══ DATA EXTRACT
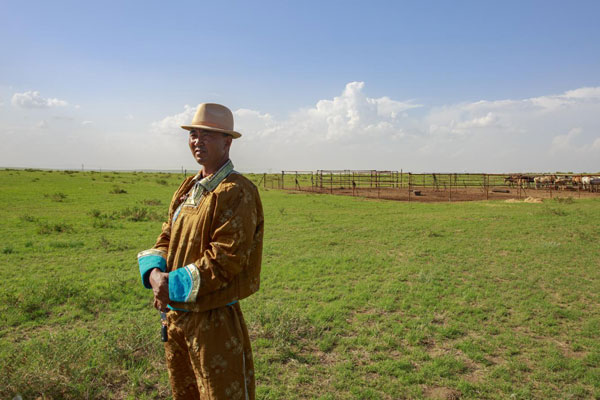 牧民苏 呼格吉勒图站在自家马场前眺望远方
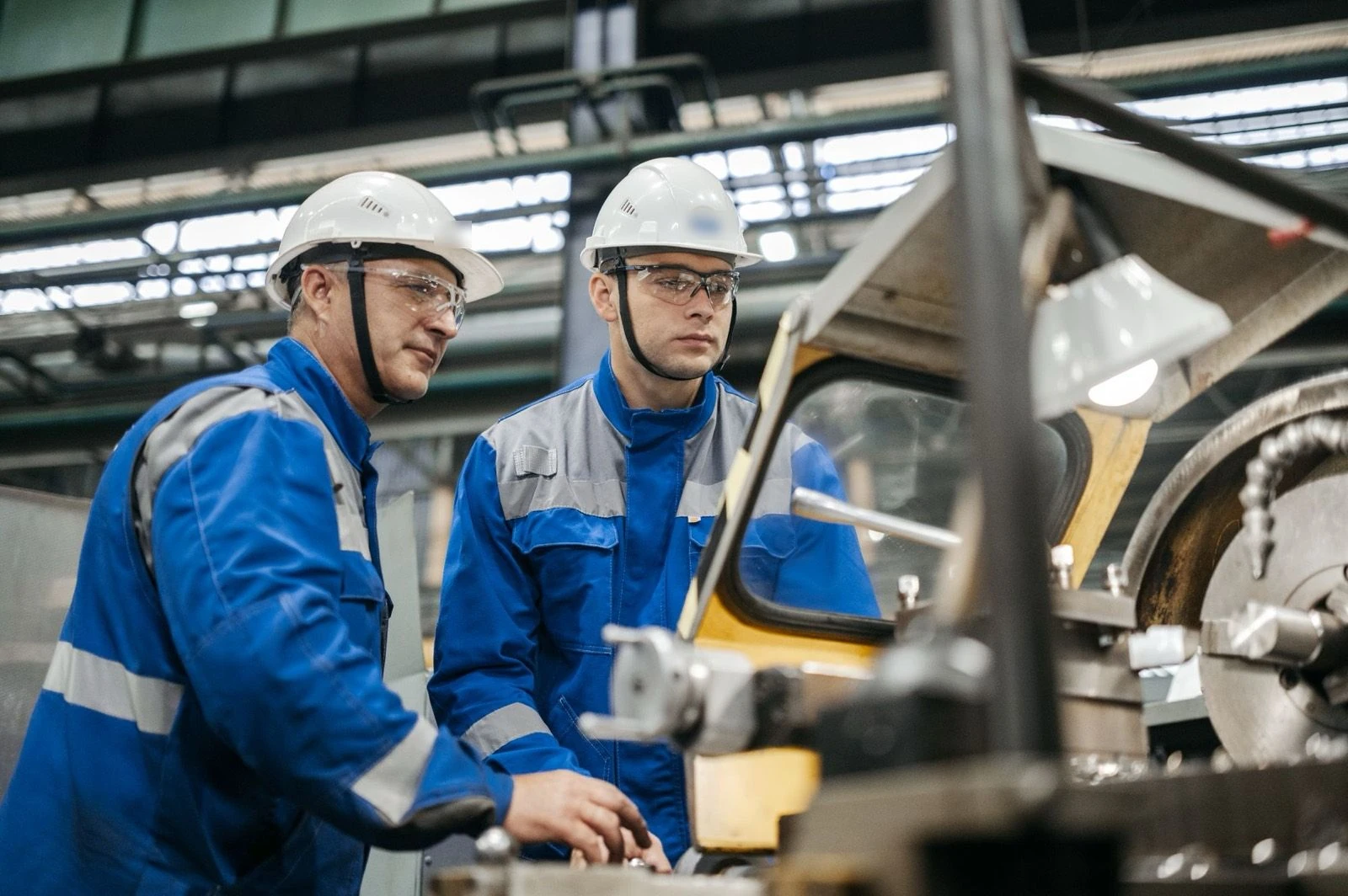 Twee monteurs met helm aan een draaibank in een productiehal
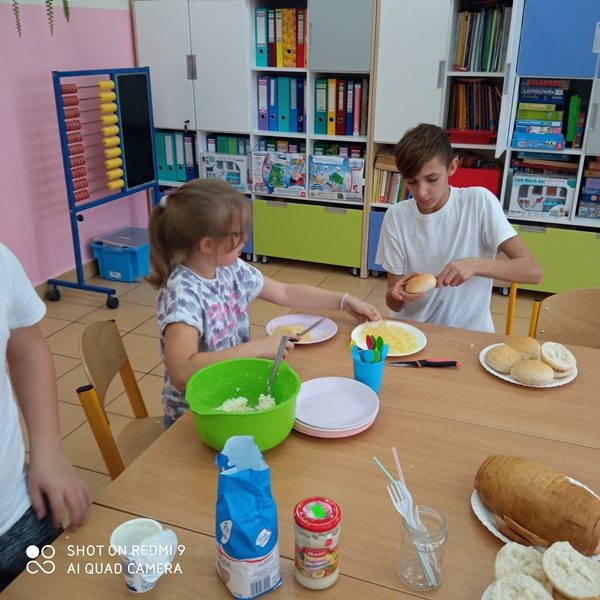 Klasa szkolna. Uczniowie przy stolikach przygotowują kanapki. Na stole leżą produkty spożywcze.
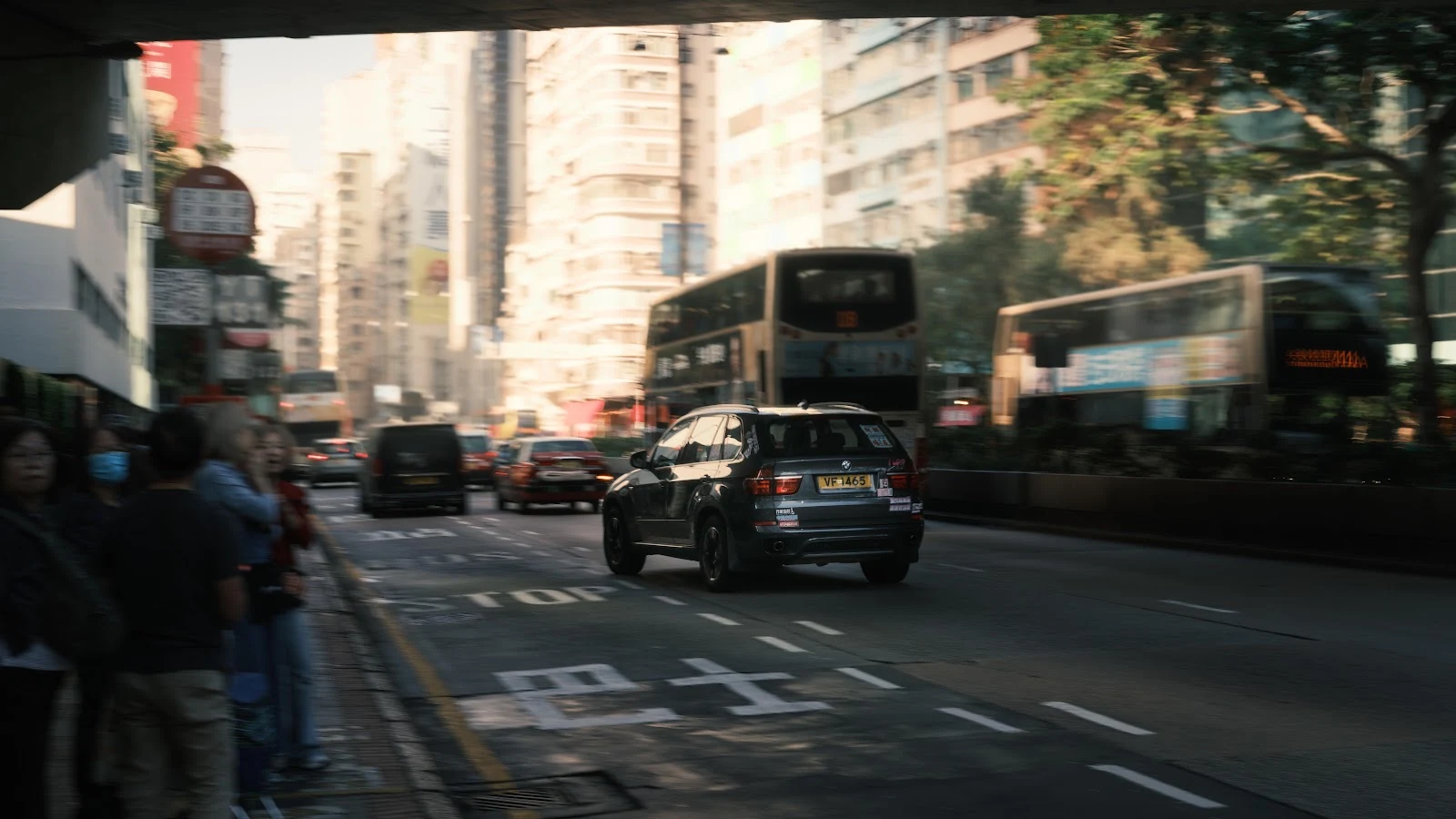BMW SUV Driving in Hong Kong - Street Photography 8K Wallpaper (7952x4473)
════
» **WHAT TO PRODUCE**: Extract word for word every line from the line that contains "Klasa szkolna. Uczniowie" to the final line of the data, both included, and nothing else; skip the pictures.

» **RESULT OF THIS TASK**:
 Klasa szkolna. Uczniowie przy stolikach przygotowują kanapki. Na stole leżą produkty spożywcze.
BMW SUV Driving in Hong Kong - Street Photography 8K Wallpaper (7952x4473)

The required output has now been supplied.